Pandas make it easy to delete rows of a dataframe. There are multiple way to delete rows or select rows from a dataframe. In this post, we will see how to use drop() function to drop rows in Pandas by index names or index location..
Pandas drop() function can also be used drop or delete columns from Pandas dataframe. Therefore, to drop rows from a Pandas dataframe, we need to specify the row indexes that need to be dropped with axis=0 or axis=”index” argument. Here, axis=0 or axis=”index” argument specifies we want to drop rows instead of dropping columns.
Let us load Pandas and Seaborn load Penguin data set to illustrate how to delete one or more rows from the dataframe.
import seaborn as sns import pandas as pd
We will be using just a few rows from the penguins data.
df = (sns.load_dataset("penguins"). head())
Here is our toy data for learning how to delete rows by using index name. Note that indices of the toy dataframe is numeric.
df species island bill_length_mm bill_depth_mm flipper_length_mm body_mass_g sex 0 Adelie Torgersen 39.1 18.7 181.0 3750.0 Male 1 Adelie Torgersen 39.5 17.4 186.0 3800.0 Female 2 Adelie Torgersen 40.3 18.0 195.0 3250.0 Female 3 Adelie Torgersen NaN NaN NaN NaN NaN 4 Adelie Torgersen 36.7 19.3 193.0 3450.0 Female
Let us change the index to contain some text instead of numbers in order.
# assign index names to dataframe df.index=["one","two","three","four","five"]
We can see the index is not numbers.
df species island bill_length_mm bill_depth_mm flipper_length_mm body_mass_g sex one Adelie Torgersen 39.1 18.7 181.0 3750.0 Male two Adelie Torgersen 39.5 17.4 186.0 3800.0 Female three Adelie Torgersen 40.3 18.0 195.0 3250.0 Female four Adelie Torgersen NaN NaN NaN NaN NaN five Adelie Torgersen 36.7 19.3 193.0 3450.0 Female
How to Drop one row by index name?
To delete a row from a dataframe, we specify the index name and also use “axis=0” argument. In this example, we drop row with name “one”.
df.drop("one",axis=0) species island bill_length_mm bill_depth_mm flipper_length_mm body_mass_g sex two Adelie Torgersen 39.5 17.4 186.0 3800.0 Female three Adelie Torgersen 40.3 18.0 195.0 3250.0 Female four Adelie Torgersen NaN NaN NaN NaN NaN five Adelie Torgersen 36.7 19.3 193.0 3450.0 Female
Another way to specify we want to delete a row not a column is to use axis=”index” argument instead of axis=0. Again, we drop row with name “one”.

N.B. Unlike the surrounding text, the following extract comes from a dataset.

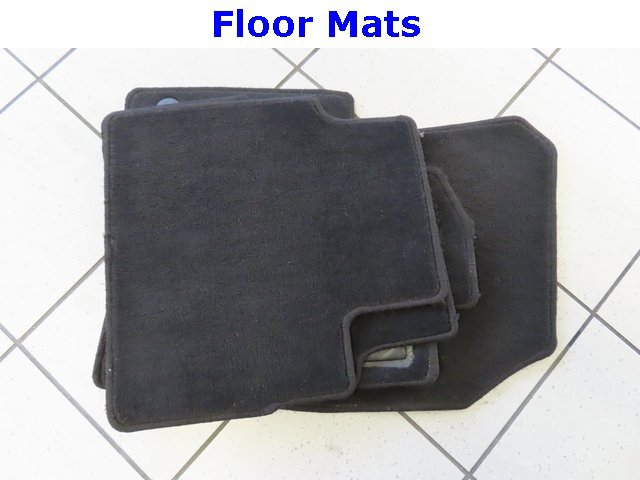 Used 2023 Nissan Rogue S image 17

df.drop("one",axis="index") species island bill_length_mm bill_depth_mm flipper_length_mm body_mass_g sex two Adelie Torgersen 39.5 17.4 186.0 3800.0 Female three Adelie Torgersen 40.3 18.0 195.0 3250.0 Female four Adelie Torgersen NaN NaN NaN NaN NaN five Adelie Torgersen 36.7 19.3 193.0 3450.0 Female
How to Delete Multiple Rows by index names?
In order to delete multiple rows, we need to specify the index names as a list to Pandas drop() function. In this example, we drop the first two rows by specifying their names in a list.
df.drop(["one","two"],axis="index") species island bill_length_mm bill_depth_mm flipper_length_mm body_mass_g sex three Adelie Torgersen 40.3 18.0 195.0 3250.0 Female four Adelie Torgersen NaN NaN NaN NaN NaN five Adelie Torgersen 36.7 19.3 193.0 3450.0 Female
How to Delete Multiple Rows by their locations?
Sometimes, we might want to delete one or multiple rows by their location instead of their index names. To delete by their location, we can use subsetted index as shown here.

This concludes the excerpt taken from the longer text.